• **WHAT YOU NEED TO DO**:
From the listing below, reproduce exactly the lines starting with the one with "Peugeot 508 (2011-2018): Diagrama" and going on through the one with "Football/Soccer Session Plan", both ends kept. No picture is copied.

• **RECORDS FOR THE TASK**:
# # #

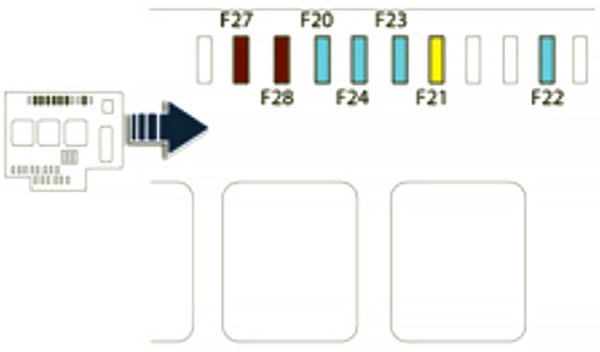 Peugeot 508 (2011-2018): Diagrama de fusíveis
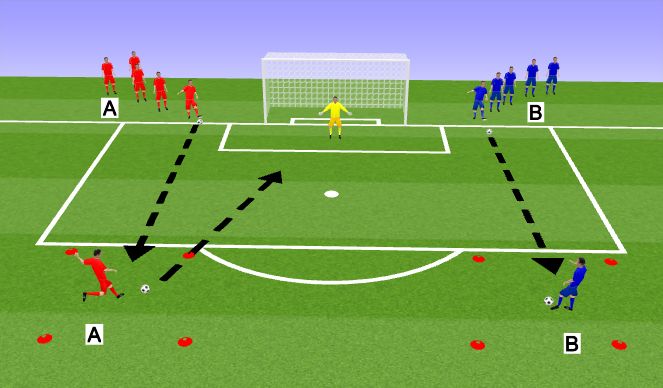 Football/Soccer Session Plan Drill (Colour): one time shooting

# # #

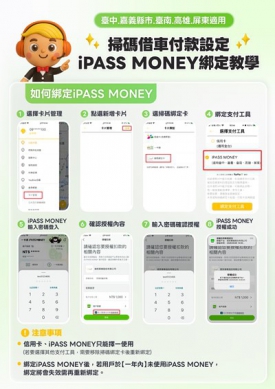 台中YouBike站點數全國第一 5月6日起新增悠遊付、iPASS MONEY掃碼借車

# # #

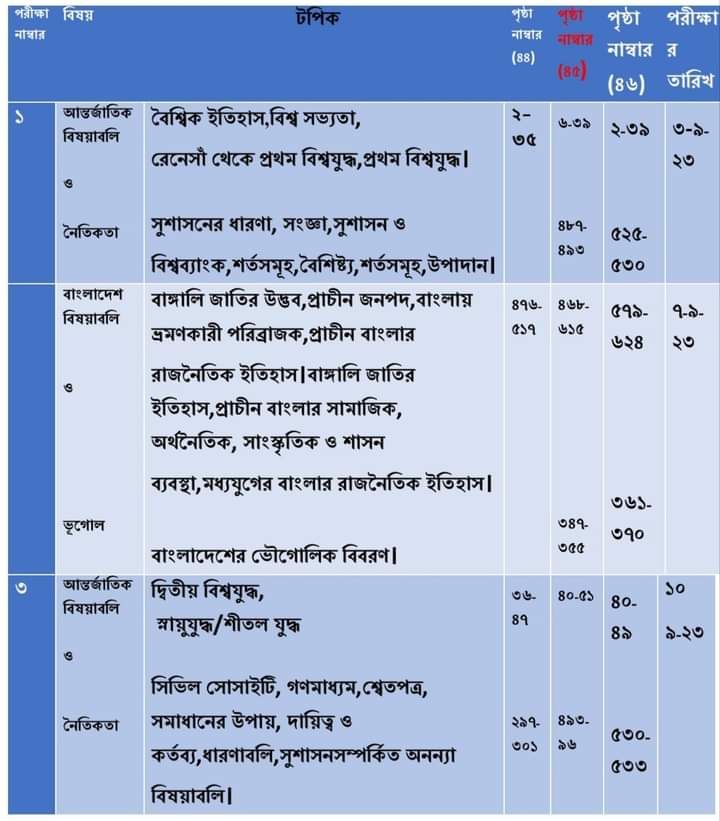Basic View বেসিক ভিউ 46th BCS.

# # #

• **WRITTEN ANSWER**:
 Peugeot 508 (2011-2018): Diagrama de fusíveis
 Football/Soccer Session Plan Drill (Colour): one time shooting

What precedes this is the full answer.